### WORK INSTRUCTIONS
Your copy of the entries below should hold exactly the lines from the one containing "بازدید فرهنگی، آموزشی" to the one containing "SOLOTEX ドライツイルスリムクロップドパンツ", inclusive, and no pictures.

### DATASET CONTENT
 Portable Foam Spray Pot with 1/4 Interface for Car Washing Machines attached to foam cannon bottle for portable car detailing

* * *

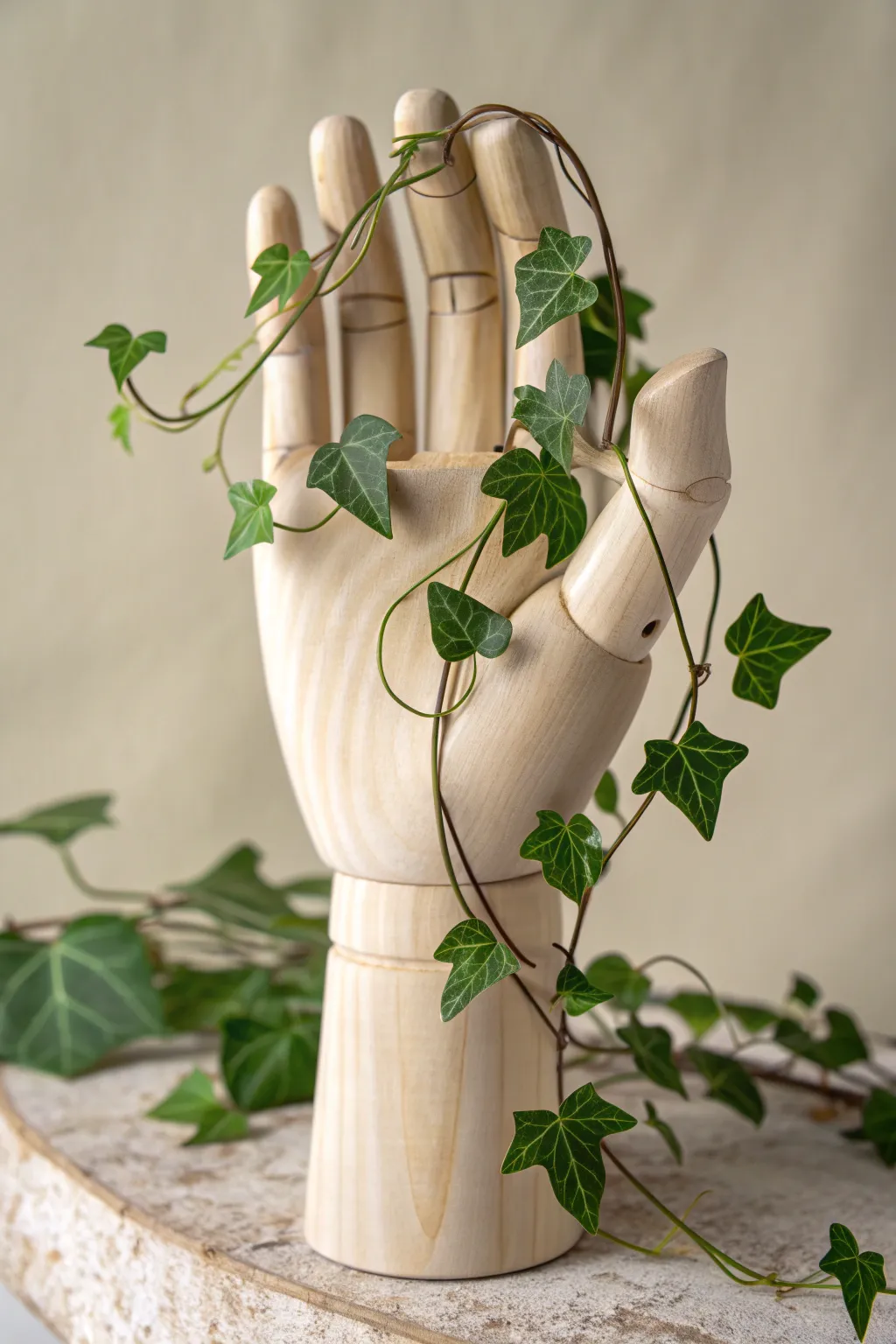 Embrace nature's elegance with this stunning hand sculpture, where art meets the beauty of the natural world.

* * *

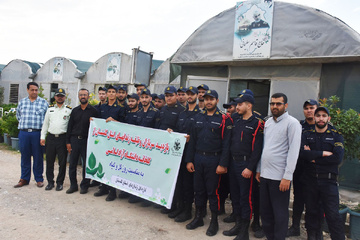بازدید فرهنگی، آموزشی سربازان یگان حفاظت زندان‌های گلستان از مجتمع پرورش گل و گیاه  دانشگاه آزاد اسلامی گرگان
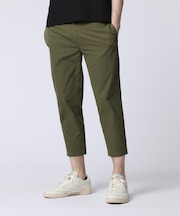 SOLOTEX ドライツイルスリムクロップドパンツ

### ANSWER FOR THIS EXERCISE
بازدید فرهنگی، آموزشی سربازان یگان حفاظت زندان‌های گلستان از مجتمع پرورش گل و گیاه  دانشگاه آزاد اسلامی گرگان
 SOLOTEX ドライツイルスリムクロップドパンツ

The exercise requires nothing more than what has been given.